Tuesday, 12 April 2016

Matrimonial Causes: Should Spouses Reveal Personal Secrets?





A friend’s wife once told him that he never speaks about any of his secrets. His reply was that he preferred it that way. While another friend told his wife to keep her secrets, while he keeps his after he was confronted by his wife that he doesn’t divulge certain information about his life.

These are just two instances in marriages were spouses have had heated exchanges about personal secrets. Most times, it is the wife that makes the move in this respect in inquiring about aspects of the man’s life she notices he doesn’t like talking about.

Ordinarily, secrets doesn’t have to be something sinister or uncouth here, but rather it could be an information that a spouse just wants to be remain hidden for whatever reasons.

The issue of secrets in marriages is embedded in the African culture, where in time past wives were not expected to ask certain questions of their husbands. 

At the time, multi-cultural marriages were not common, and there were instances were both spouses did not even meet before marriage, rather it was the families that made the arrangement for one to meet the other most times in the city. 

In such a culture, a wife seldom asked her husband certain questions.
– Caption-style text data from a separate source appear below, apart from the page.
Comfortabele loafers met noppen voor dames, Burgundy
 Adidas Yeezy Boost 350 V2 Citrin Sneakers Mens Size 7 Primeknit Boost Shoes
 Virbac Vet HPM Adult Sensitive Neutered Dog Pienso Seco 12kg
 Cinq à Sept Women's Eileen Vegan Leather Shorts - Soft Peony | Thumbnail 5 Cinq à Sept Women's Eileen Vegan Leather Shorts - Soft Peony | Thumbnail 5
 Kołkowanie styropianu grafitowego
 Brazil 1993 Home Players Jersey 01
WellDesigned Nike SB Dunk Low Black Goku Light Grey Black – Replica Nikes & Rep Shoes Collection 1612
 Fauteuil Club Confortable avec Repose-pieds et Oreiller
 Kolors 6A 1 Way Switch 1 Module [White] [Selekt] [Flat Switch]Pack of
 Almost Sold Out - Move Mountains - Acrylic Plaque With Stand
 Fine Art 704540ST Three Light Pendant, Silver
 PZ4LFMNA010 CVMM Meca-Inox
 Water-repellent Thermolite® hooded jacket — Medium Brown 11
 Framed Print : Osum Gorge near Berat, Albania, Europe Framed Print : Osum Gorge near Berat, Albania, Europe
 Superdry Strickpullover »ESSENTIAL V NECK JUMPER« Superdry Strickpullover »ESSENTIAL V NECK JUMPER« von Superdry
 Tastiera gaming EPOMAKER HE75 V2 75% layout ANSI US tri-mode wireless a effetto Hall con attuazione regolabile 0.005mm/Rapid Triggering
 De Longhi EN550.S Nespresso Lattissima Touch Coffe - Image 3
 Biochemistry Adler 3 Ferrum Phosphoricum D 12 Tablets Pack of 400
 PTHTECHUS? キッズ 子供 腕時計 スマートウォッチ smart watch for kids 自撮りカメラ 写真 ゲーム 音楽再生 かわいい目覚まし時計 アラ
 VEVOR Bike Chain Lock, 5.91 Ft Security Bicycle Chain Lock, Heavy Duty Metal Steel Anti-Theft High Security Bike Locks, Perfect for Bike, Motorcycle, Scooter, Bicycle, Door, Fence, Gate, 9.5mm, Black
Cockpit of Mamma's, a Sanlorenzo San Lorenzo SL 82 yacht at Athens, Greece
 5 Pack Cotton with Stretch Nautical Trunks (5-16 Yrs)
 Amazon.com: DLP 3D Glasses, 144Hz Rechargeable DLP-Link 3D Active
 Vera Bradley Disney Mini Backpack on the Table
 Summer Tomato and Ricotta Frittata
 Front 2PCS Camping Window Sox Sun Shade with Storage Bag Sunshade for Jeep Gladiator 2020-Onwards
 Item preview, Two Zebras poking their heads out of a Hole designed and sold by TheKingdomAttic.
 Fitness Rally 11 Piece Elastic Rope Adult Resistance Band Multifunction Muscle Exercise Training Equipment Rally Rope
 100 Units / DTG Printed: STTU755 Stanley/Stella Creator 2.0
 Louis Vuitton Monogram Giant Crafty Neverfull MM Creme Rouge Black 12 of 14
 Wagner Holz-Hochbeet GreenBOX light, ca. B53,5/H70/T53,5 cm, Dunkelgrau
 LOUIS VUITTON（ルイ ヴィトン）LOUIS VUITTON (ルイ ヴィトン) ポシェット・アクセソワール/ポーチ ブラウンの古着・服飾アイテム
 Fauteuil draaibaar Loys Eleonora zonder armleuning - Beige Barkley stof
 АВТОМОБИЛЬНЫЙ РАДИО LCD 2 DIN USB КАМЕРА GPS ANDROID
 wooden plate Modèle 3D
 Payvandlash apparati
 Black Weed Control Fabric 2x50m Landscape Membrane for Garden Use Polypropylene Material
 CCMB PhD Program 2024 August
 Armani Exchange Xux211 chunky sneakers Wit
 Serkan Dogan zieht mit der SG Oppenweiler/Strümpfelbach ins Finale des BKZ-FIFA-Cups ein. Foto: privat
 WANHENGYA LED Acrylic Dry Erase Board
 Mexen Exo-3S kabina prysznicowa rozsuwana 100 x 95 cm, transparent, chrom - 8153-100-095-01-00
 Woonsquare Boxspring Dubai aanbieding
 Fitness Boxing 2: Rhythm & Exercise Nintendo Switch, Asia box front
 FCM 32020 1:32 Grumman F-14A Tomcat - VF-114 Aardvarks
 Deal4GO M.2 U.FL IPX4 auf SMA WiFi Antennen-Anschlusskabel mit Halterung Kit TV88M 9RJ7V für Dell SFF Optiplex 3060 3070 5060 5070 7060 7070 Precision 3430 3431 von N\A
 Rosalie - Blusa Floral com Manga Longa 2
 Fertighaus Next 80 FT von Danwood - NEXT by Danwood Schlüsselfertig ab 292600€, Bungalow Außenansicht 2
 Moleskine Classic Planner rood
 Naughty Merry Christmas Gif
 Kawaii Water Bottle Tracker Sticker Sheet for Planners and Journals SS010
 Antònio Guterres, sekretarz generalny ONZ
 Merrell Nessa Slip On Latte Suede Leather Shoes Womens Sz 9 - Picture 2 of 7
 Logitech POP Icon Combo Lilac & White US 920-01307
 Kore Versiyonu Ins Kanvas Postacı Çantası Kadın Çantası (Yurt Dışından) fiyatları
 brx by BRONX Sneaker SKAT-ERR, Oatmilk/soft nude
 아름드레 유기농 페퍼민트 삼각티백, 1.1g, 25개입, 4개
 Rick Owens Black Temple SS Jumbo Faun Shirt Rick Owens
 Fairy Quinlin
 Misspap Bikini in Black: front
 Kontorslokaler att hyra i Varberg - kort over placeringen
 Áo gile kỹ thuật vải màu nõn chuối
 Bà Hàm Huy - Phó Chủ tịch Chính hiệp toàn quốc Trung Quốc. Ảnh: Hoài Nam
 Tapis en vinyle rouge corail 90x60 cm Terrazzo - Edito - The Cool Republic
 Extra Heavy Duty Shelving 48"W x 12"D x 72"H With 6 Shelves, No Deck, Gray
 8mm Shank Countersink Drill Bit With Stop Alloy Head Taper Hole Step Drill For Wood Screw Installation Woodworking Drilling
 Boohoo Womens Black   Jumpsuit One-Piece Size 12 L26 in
However, with the evolution of different cultures and the increased influence of Western values into several cultures, many wives are demanding to know more about aspects of their husband’s life that ordinarily a wife would not have thought of in time past.

These issues have ended up causing friction and fostered an atmosphere where trust is at a low ebb in marriages.  

Yet, both spouses have secrets they would like to remain hidden, as there are certain aspects of their life they know would lead to problems if there are any revelations in respect of that area. 

However, often times, it is the events that have happened during the marriage, not before both spouses met that often leads to issues. 

For instances, most husbands prefer to not to tell their wives what they are doing for their family, as a wife that lacks the requisite understanding could suddenly feel he is doing more for his family than even her family. While also there are husbands who also don’t reveal any aspect of their work life to their wife like details of their take home pay and any other deals they are into.

For all intents and purposes, it is the kind of wife a man has that determines what he tells her in a marriage. There are understanding wives that take every information the way it is without giving it strands of interpretations. 

For instance, a man entered into a business deal without telling his wife, but included as a partner, a friend and both friend’s wives are friends. Eventually when the business hit the rocks when they were duped, the friend who was brought in as a partner informed his wife about the turn of events, she in turn informed the wife of the other man who was not aware of what her husband was into, this issue caused a huge disagreement between that man and his wife. 

In this instance, the friend that told his wife about an information only he was disposed to opened the door for friction to develop in another marriage. In the first place, the man who chooses not to inform his wife about the business had his reasons.

For me, there are certain aspects of a man’s life that should be left to the man, as statistics have shown that when certain revelations reach one of the spouses it always ends up causing issues that if left unresolved could result in a separation.

A man worked for 35 years, and during that time, his wife never knew of the amount of his salary. But in that time, he took care of his wife and trained his children all of which had graduated from school. 

However, his wife of over thirty years had cause to stumble on a phone alert that revealed the amount of her husband’s pension. This revelation resulted in the woman to confront him that he had received huge salaries for years and she was not aware of it. She never considered that this was a man that took care of the family, and also trained the children. Rather in this respect the focus was on the amount of the salary that was not known to her, but not on what the man used the money for.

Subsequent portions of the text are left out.